Would it be useful to have a mapper with a hardware-accelerated additional stack? That is, you have a r/w register that'll also increase/decrease an onboard index register used for pushing/pulling the stack-in-wram.
Compared to just doing it manually in ram or exploiting the pc stack. An obvious downside is having to use wram in the first place. For someone going for wram anyway, it might be nice.
What sort of usage, if any, would benefit from having another hardware-driven stack?
In my note book of wacky designs to maybe fill out some day, there's a note about using a dual ported ram wrapped in two separate read and write indexes going round and round to make an audio delay/loop unit (as an alternative to a bucket brigade delay or a conventional ram based digital delay unit). The distance of the two indexes determine the delay length. if not writing new data and if creating an artificial wraparoind, you get audio looping with settable loop lengths. The dual ports also means you could get away with the read and write business at half the clock frequency since you can do both simultaneously with two separate circuits with its own dual port ram access as long as you dont read the same cell at the same time. I don't really know if that'll work out nicely unless i can find the time to put some actual effort into it eventually, but it got me thinking about something more NES related*: An onboard stack pointer register into wram.

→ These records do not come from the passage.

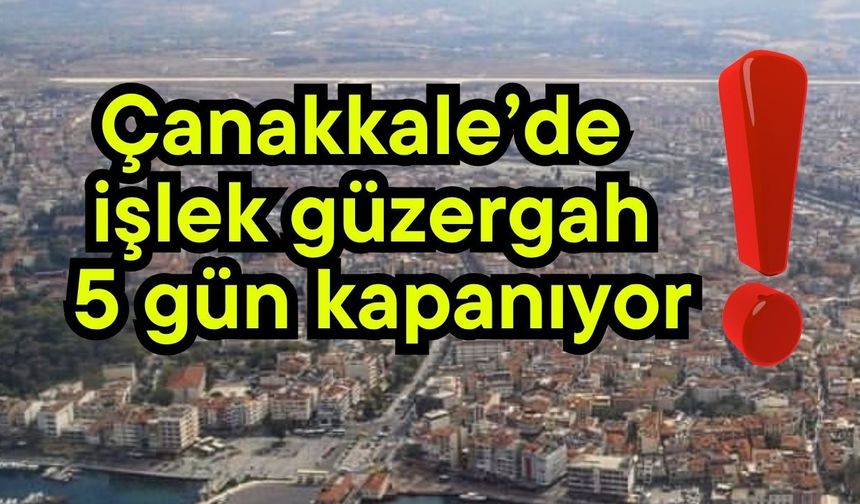 Çanakkale’de işlek güzergah 5 gün kapanıyor!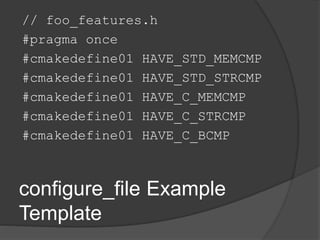 configure_file Example
Template
// foo_features.h
#pragma once
#cmakedefine01 HAVE_STD_MEMCMP
#cmakedefine01 HAVE_STD_STRCMP
#cmakedefine01 HAVE_C_MEMCMP
#cmakedefine01 HAVE_C_STRCMP
#cmakedefine01 HAVE_C_BCMP
 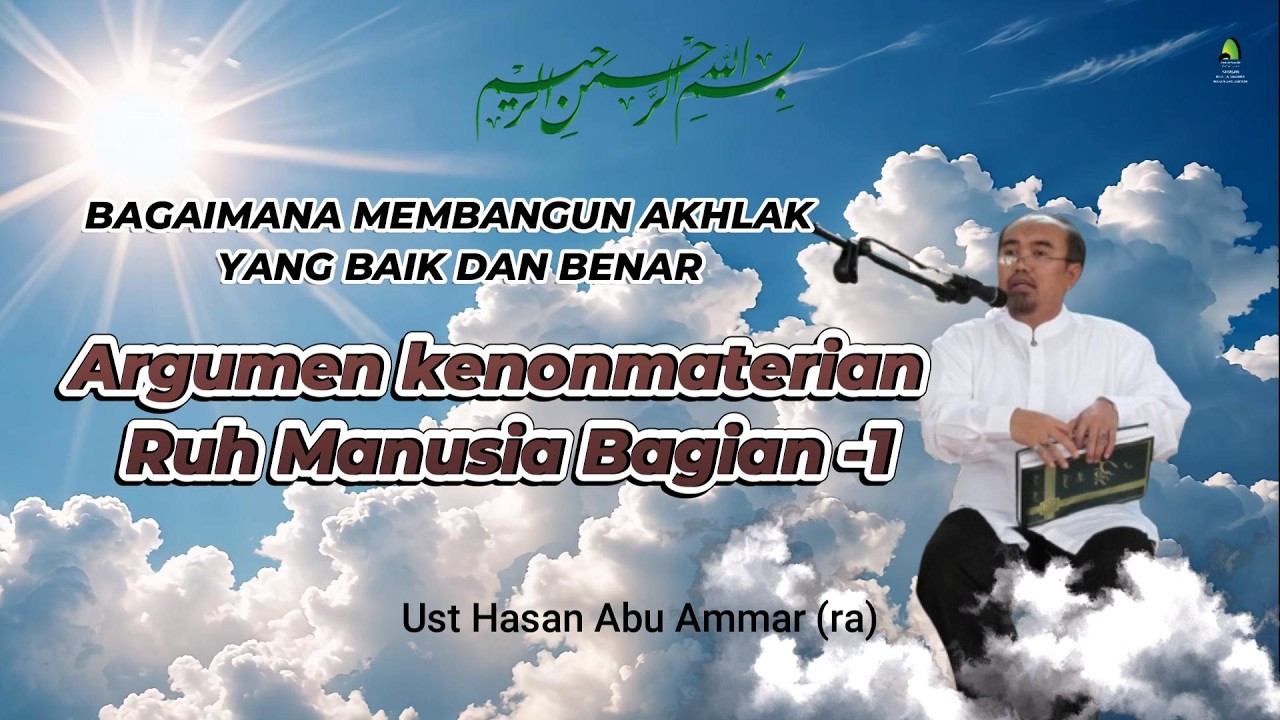 ILMU AKHLAk || Bagian -5 || Argumen kenonmaterian Ruh Manusia -1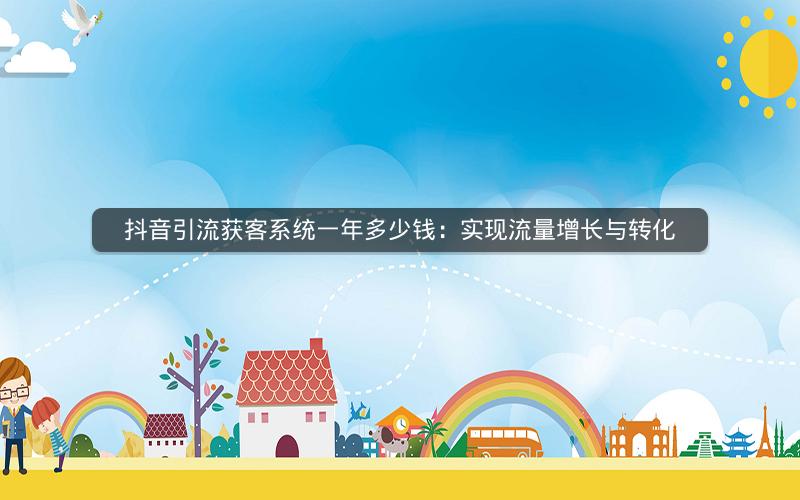 抖音引流获客系统一年多少钱：实现流量增长与转化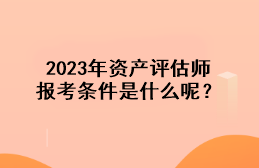 2023年資產(chǎn)評估師報考條件是什么呢？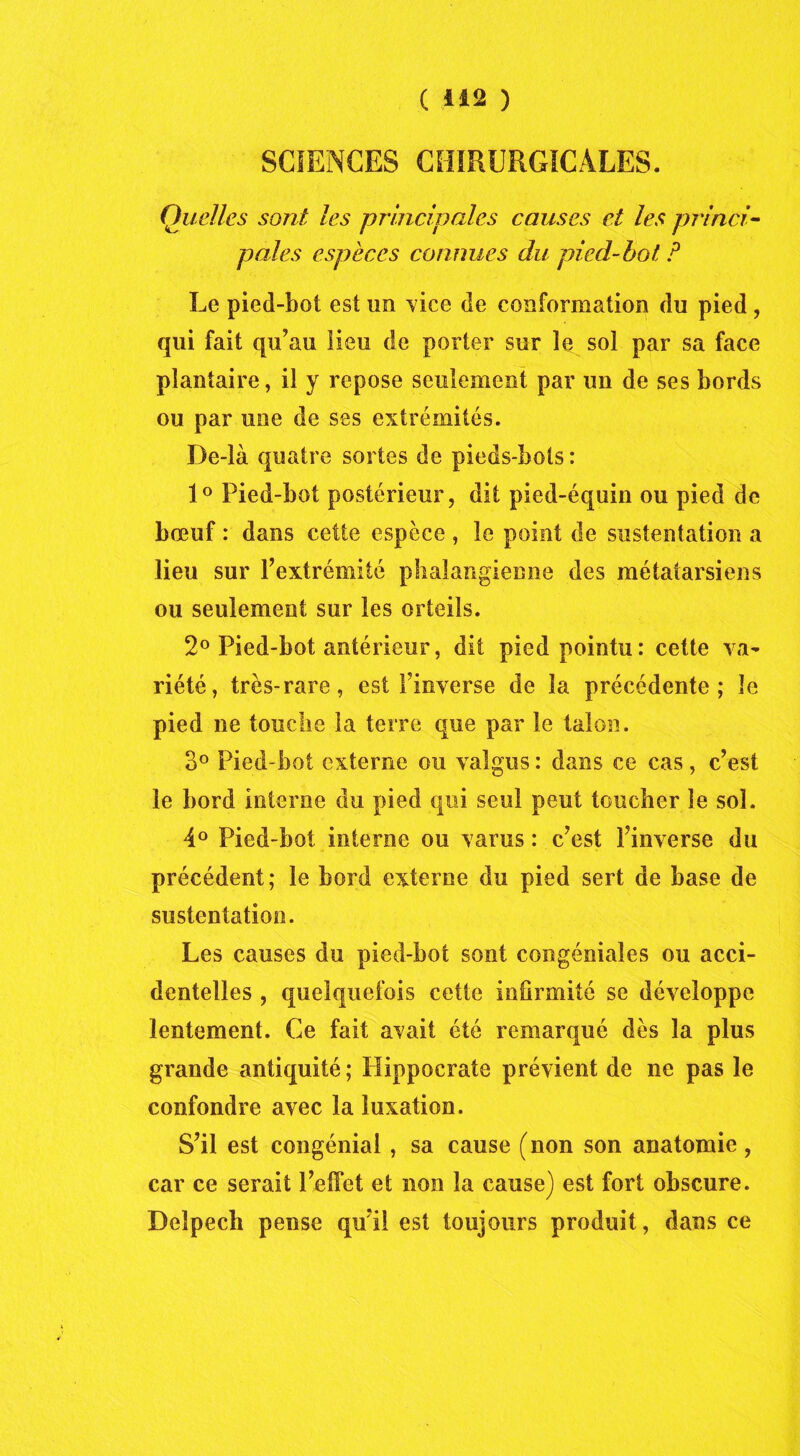 SCIENCES CHIRURGICALES. Quelles sont les principales causes et les princi- pales espèces connues du pied-hot P Le pied-bot est un vice de conformation du pied , qui fait qu’au lieu de porter sur le sol par sa face plantaire, il y repose seulement par un de ses bords ou par une de ses extrémités. De-là quatre sortes de pieds-bots: 1° Pied-bot postérieur, dit pied-équin ou pied de bœuf : dans cette espèce , le point de sustentation a lieu sur l’extrémité phalangienne des métatarsiens ou seulement sur les orteils. 2° Pied-bot antérieur, dit pied pointu: cette va- riété, très-rare, est l’inverse de la précédente; le pied ne touche la terre que par le talon. 3° Pied-bot externe ou valgus : dans ce cas, c’est le bord interne du pied qui seul peut toucher le sol. 4° Pied-bot interne ou varus : c’est l’inverse du précédent; le bord externe du pied sert de base de sustentation. Les causes du pied-bot sont congéniales ou acci- dentelles , quelquefois cette infirmité se développe lentement. Ce fait avait été remarqué dès la plus grande antiquité ; Hippocrate prévient de lie pas le confondre avec la luxation. S’il est congénial, sa cause (non son anatomie, car ce serait l’effet et non la cause) est fort obscure. Delpech pense qu’il est toujours produit, dans ce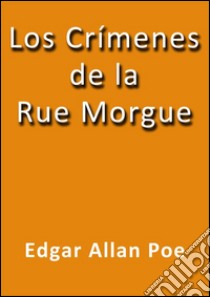 Los crímenes de la Rue Morgue. E-book. Formato Mobipocket ebook di Edgar Allan Poe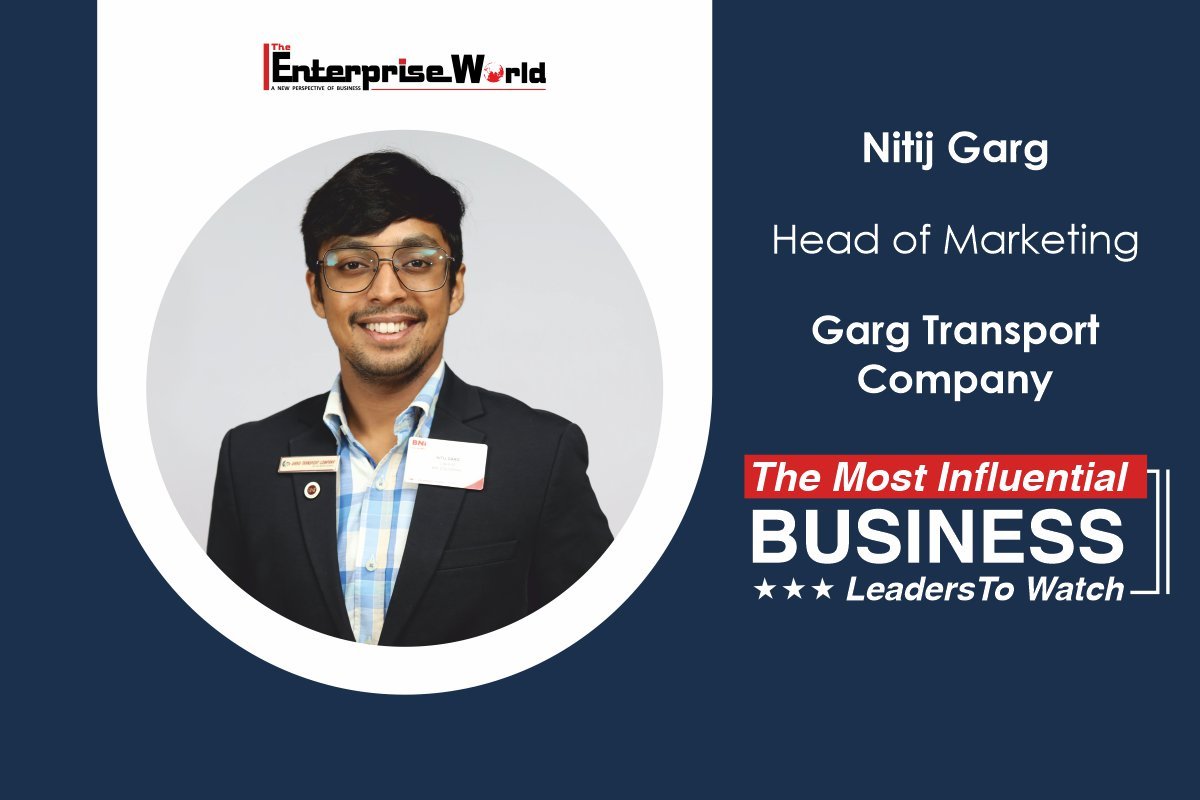 Nitij Garg: An Influential Leader to Modernize Transportation and Logistics 
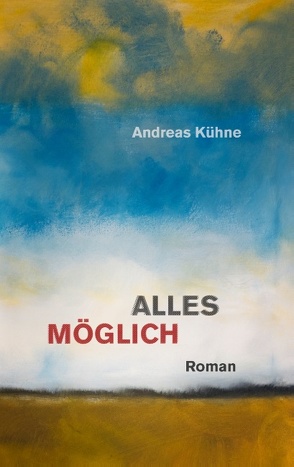 Alles möglich von Kühne,  Andreas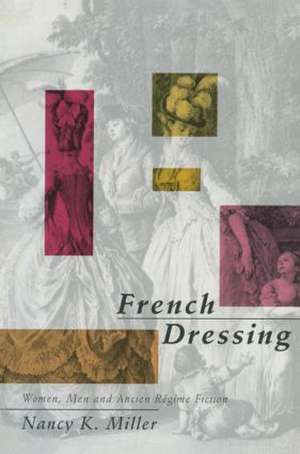 French Dressing: Women, Men, and Fiction in the Ancien Regime de Nancy K. Miller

*well i guess something similar could be used to create a delay/looper unit to expand the nes APU without needing an expansion synth. For example laying down a basic bass, drum or chord pattern that loops, or free a channel from delay duties. The question is if the total circuit can get cheaper than the $6 dollars needed for a bucket brigade delay + clock. Both needs some passive filtering to sound nice, but that's the smallest cost component.
===
The philosophical, more nes dev related question.
Would it be useful to have a mapper with a hardware-accelerated additional stack? That is, you have a r/w register that'll also increase/decrease an onboard index register used for pushing/pulling the stack-in-wram.
Compared to just doing it manually in ram or exploiting the pc stack. An obvious downside is having to use wram in the first place. For someone going for wram anyway, it might be nice.
What sort of usage, if any, would benefit from having another hardware-driven stack?